* What the exercise asks *
Copy exactly the lines of the material below that fall between the line with "2pcs Bat Enamel" and the line with "Cappotto doppio petto con cintura", both of those lines included; pictures stay out.

* Exercise inputs *
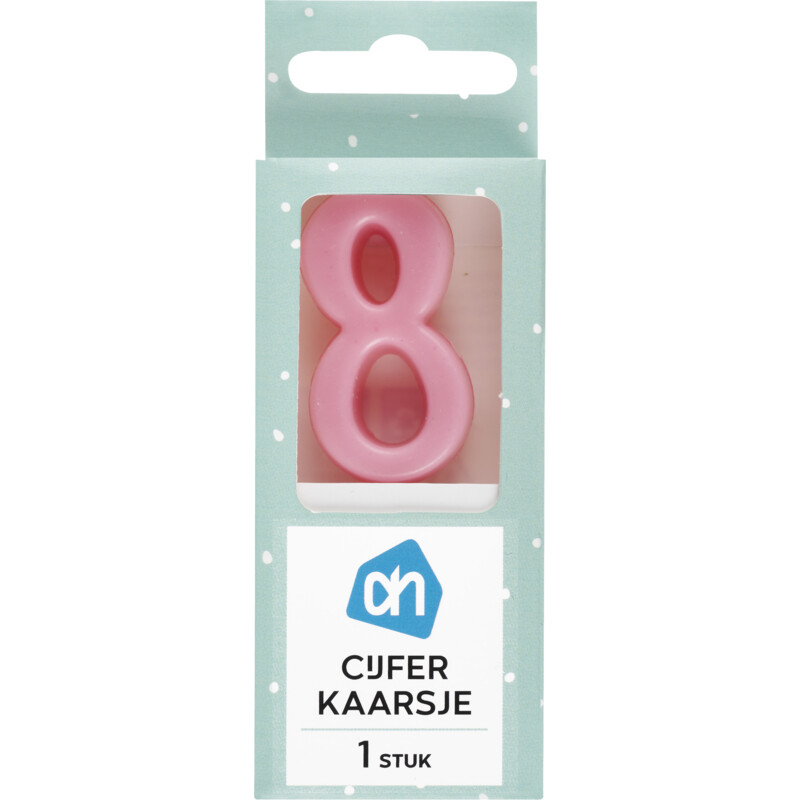 AH Kaars cijfer 8 kleur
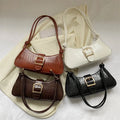 Hot Selling Trendy French Underarm Solid Color Ins Fashion Women Leather Tote Bags for Ladies Girls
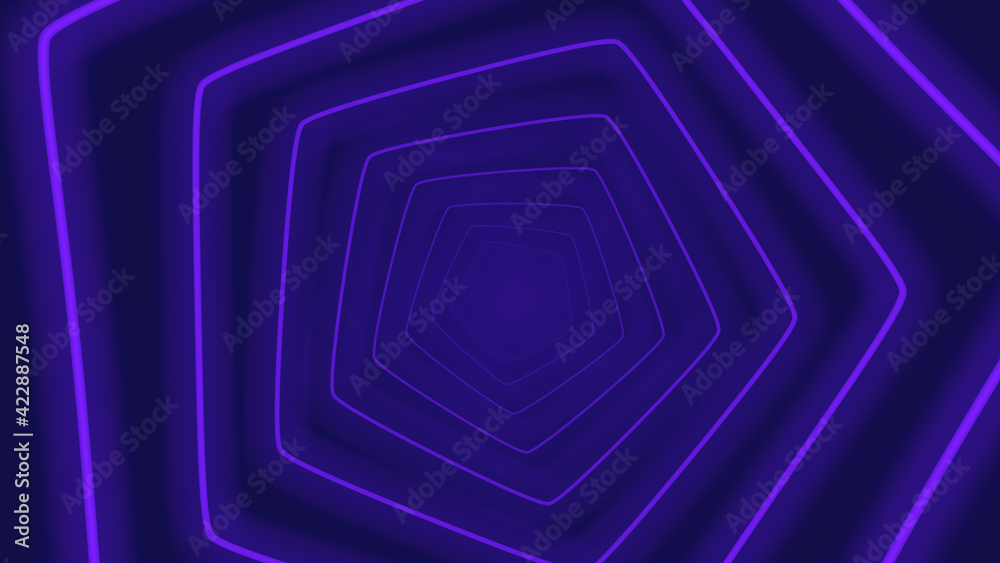 Loopable abstract digital neon polygon tunnel background. Futuristic sparkling pattern with dark blue and purple colors. Technology and cyber concept with copy space Loopable abstract digital neon polygon tunnel background. Futuristic sparkling pattern with dark blue and purple colors. Technology and cyber concept with copy space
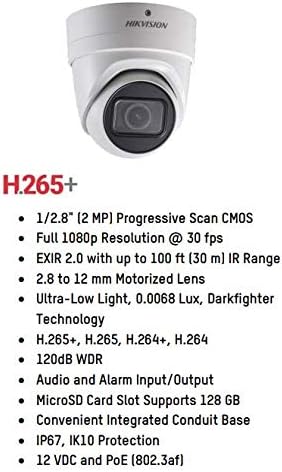 HikVision DS-2CD2H25FWD-IZS 2MP אור אולטרה-נמוך IR IR Network Network מצלמת צריח עם עדשה varifocal 2.8-12 ממ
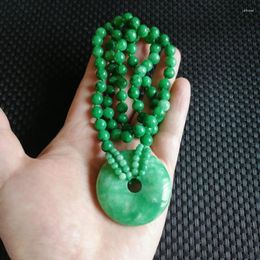 Pendant Necklaces Wholesale Jade Dry Green Full Small Size Peace Buckle Necklace Sweater Chain Men's And Women's Orname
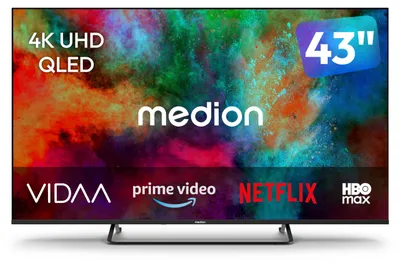 Produktbild von MEDION 108 cm (43 Zoll) QLED Fernseher (Smart-TV, Dolby Vision HDR, HBO Max, MagentaTV, Prime Video, Disney+, DAZN, Paramount+, Dolby Atmos, VIDAA Store, PVR, Bluetooth, MD 843602)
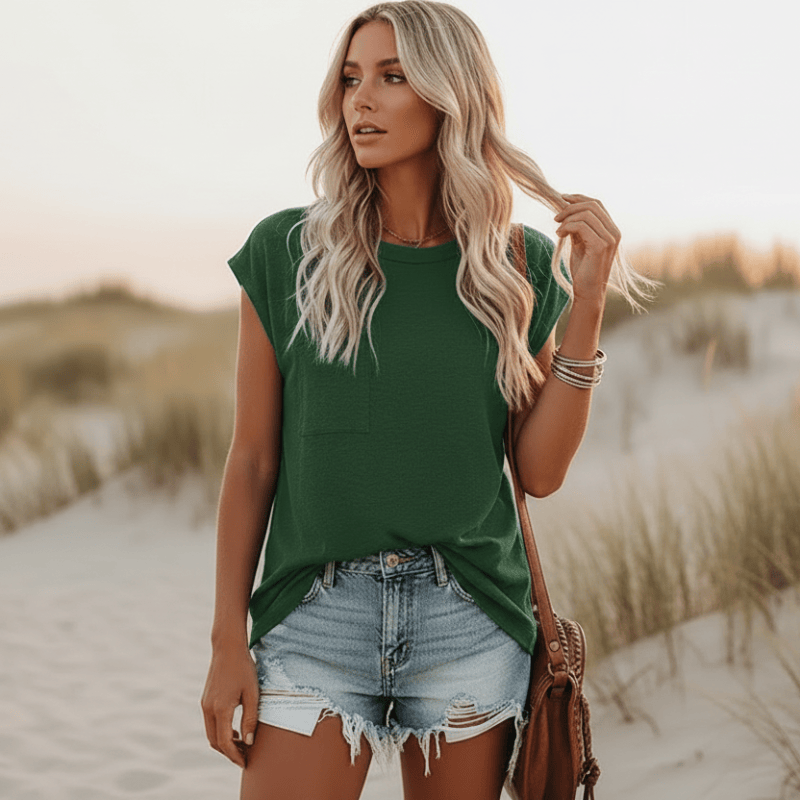 Solid Casual Short Sleeve T Shirt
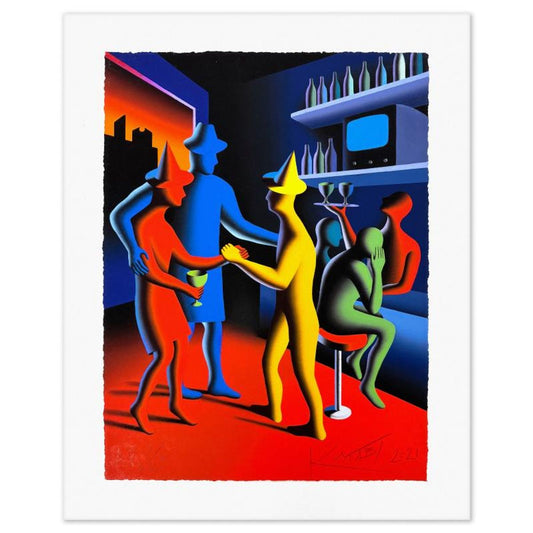 Mark Kostabi, "The Great Connector" Limited Edition, AP Numbered 9/27 and Hand Signed with Letter of Authenticity.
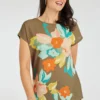 Short Sleeve Floral Placement Woven Front Top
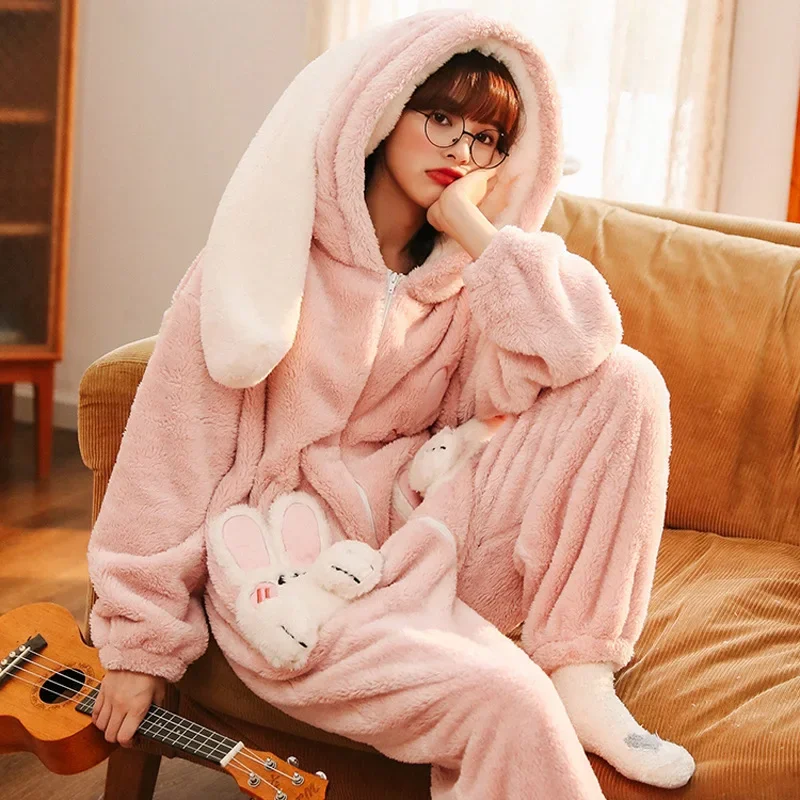 

Женская зимняя теплая пижама из полиэстера с изображением животных из мультфильмов, удобная одежда для досуга с милым сердечком для девочки, косплей на молнии
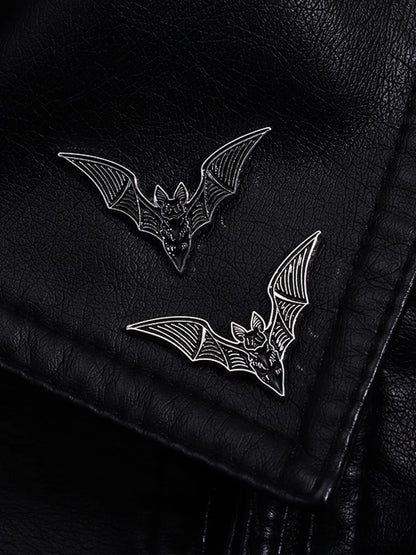 2pcs Bat Enamel Pins Gothic Punk Witch Halloween Brooch Collar Badge Black Spooky Jewelry Gift for Friends - ZOOMNSTORE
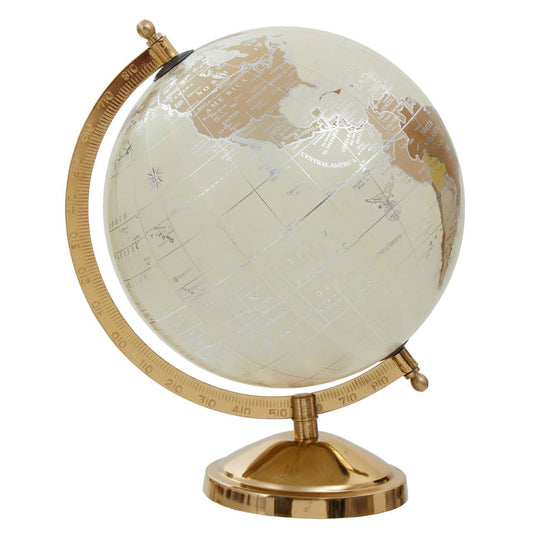 Trafalgar Antique White Globe on Gold Stand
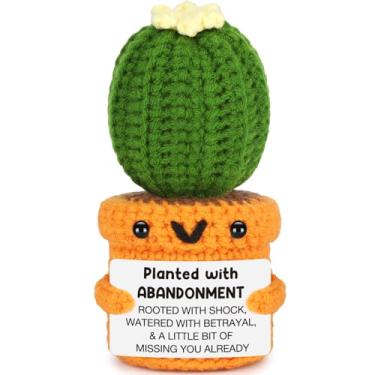 Imagem de Crochet Abandonment Cactus, Coworker Leaving Farewell Going Away Goodbye Gift for Friend, Funny Retirement Gift for Women Men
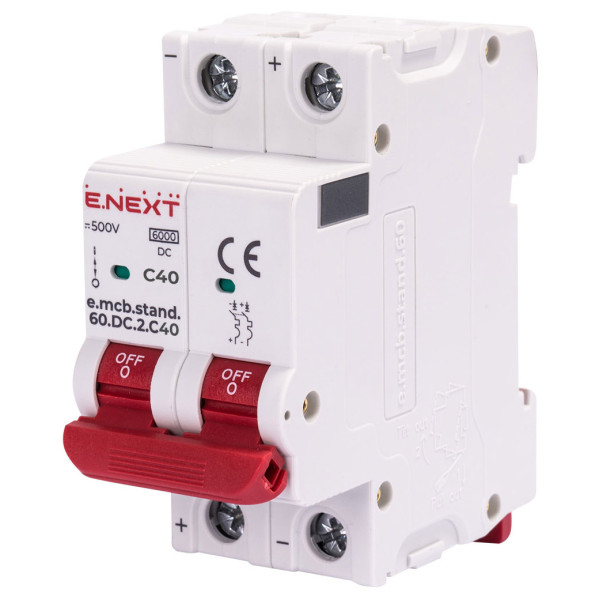 Модульный автоматический выключатель E.Next e.mcb.stand.60.DC.2.C40 2р 40А C 6кА DC (s081023)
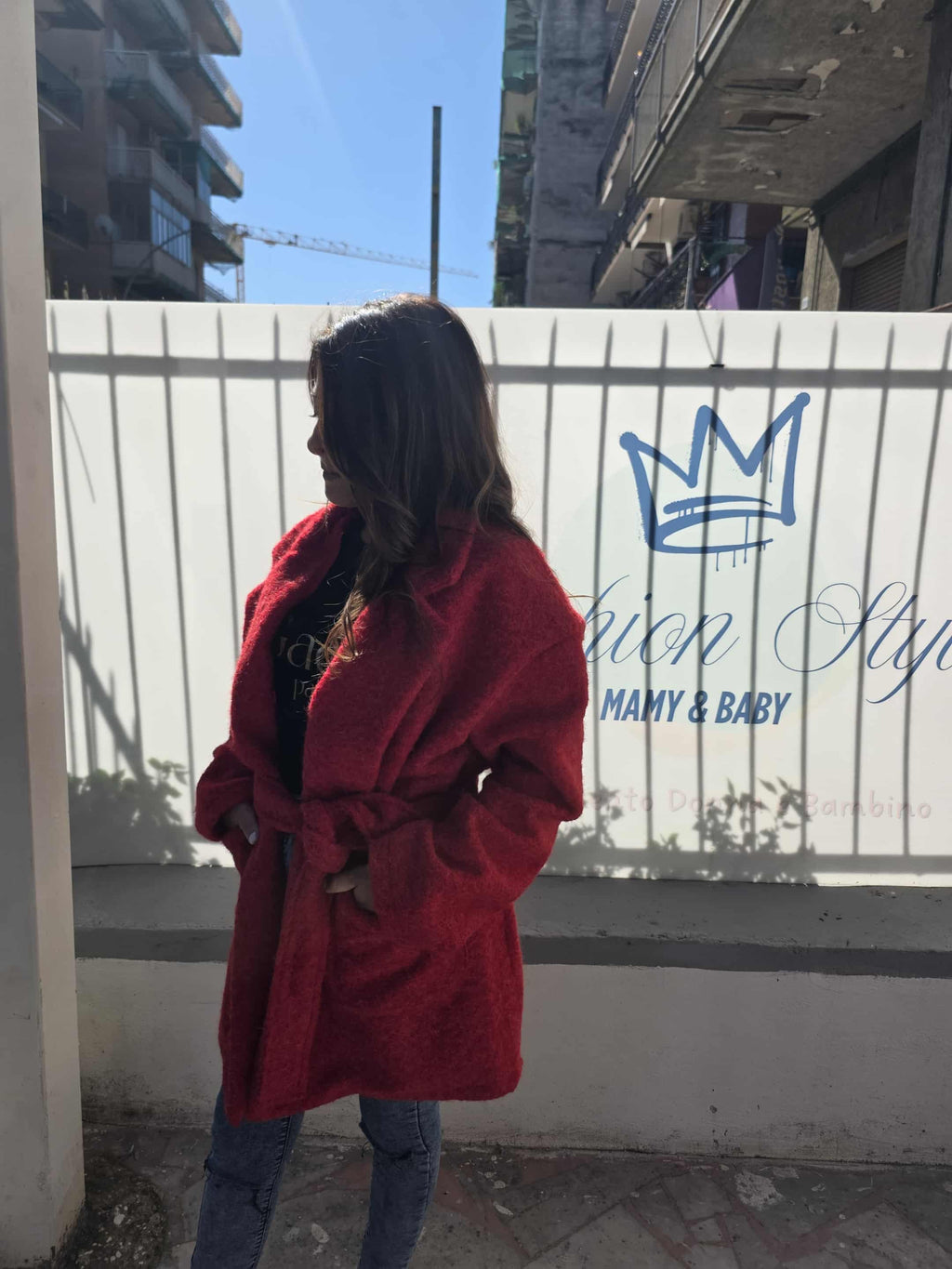 Cappotto doppio petto con cintura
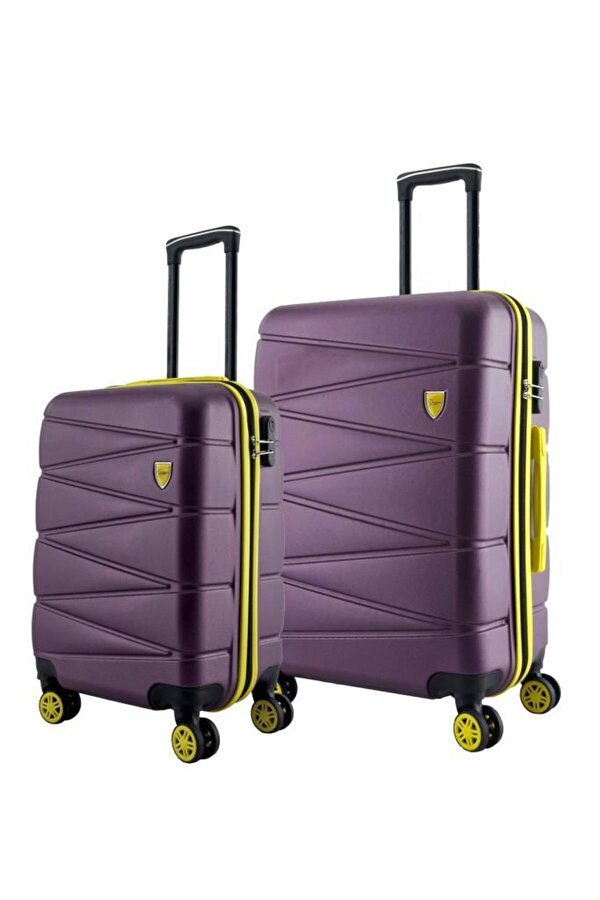 Orta Ve Kabin Boy 2 li Valiz Seti  4x2 Teker Mor 1164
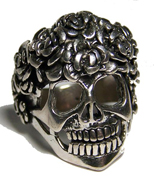 SKULL WITH WEBBED HAIR BIKER RING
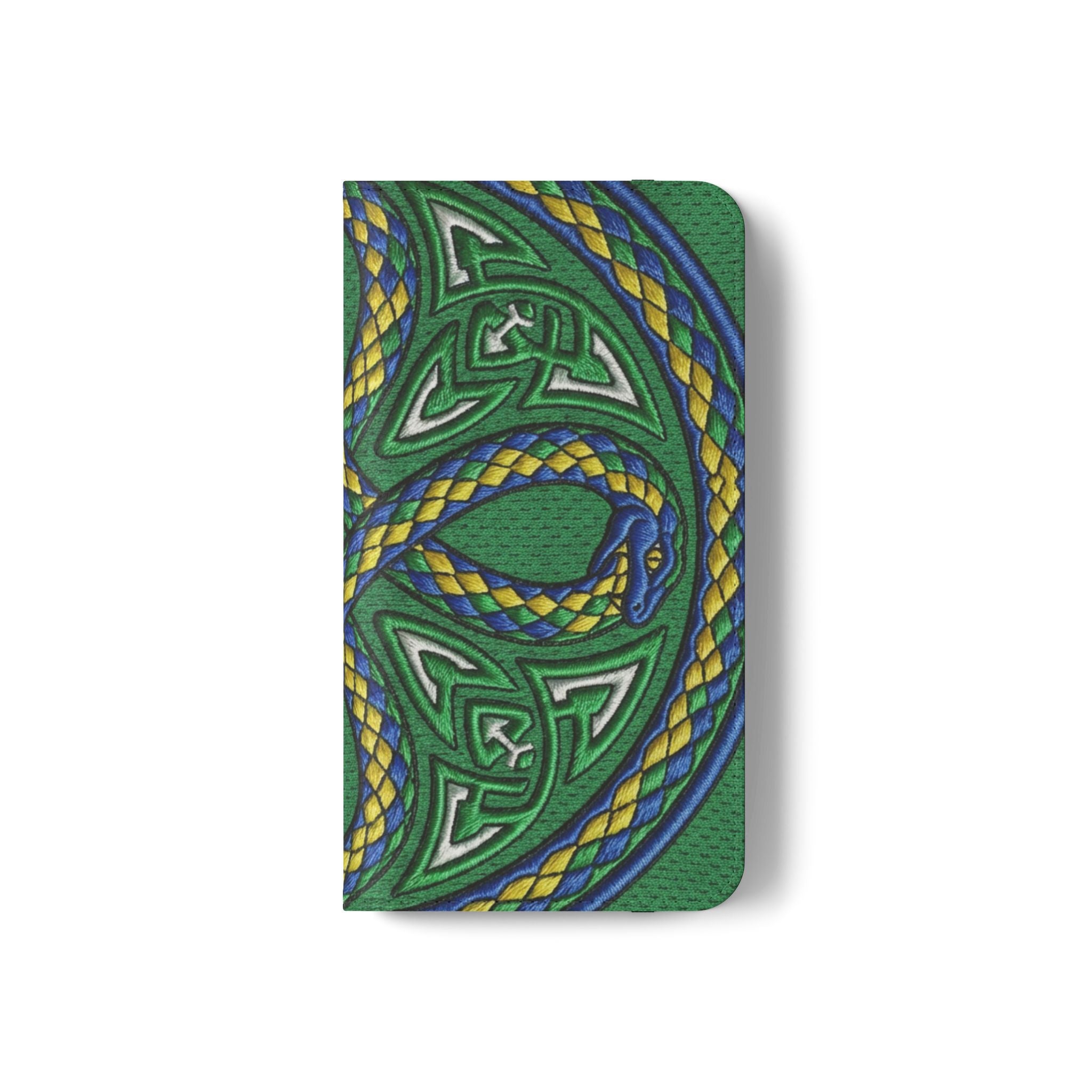 Ouroboros Green Flip Phone Case - Green & Gold Celtic Wallet Cover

* Task solution *
 2pcs Bat Enamel Pins Gothic Punk Witch Halloween Brooch Collar Badge Black Spooky Jewelry Gift for Friends - ZOOMNSTORE
 Trafalgar Antique White Globe on Gold Stand
 Imagem de Crochet Abandonment Cactus, Coworker Leaving Farewell Going Away Goodbye Gift for Friend, Funny Retirement Gift for Women Men
 Модульный автоматический выключатель E.Next e.mcb.stand.60.DC.2.C40 2р 40А C 6кА DC (s081023)
 Cappotto doppio petto con cintura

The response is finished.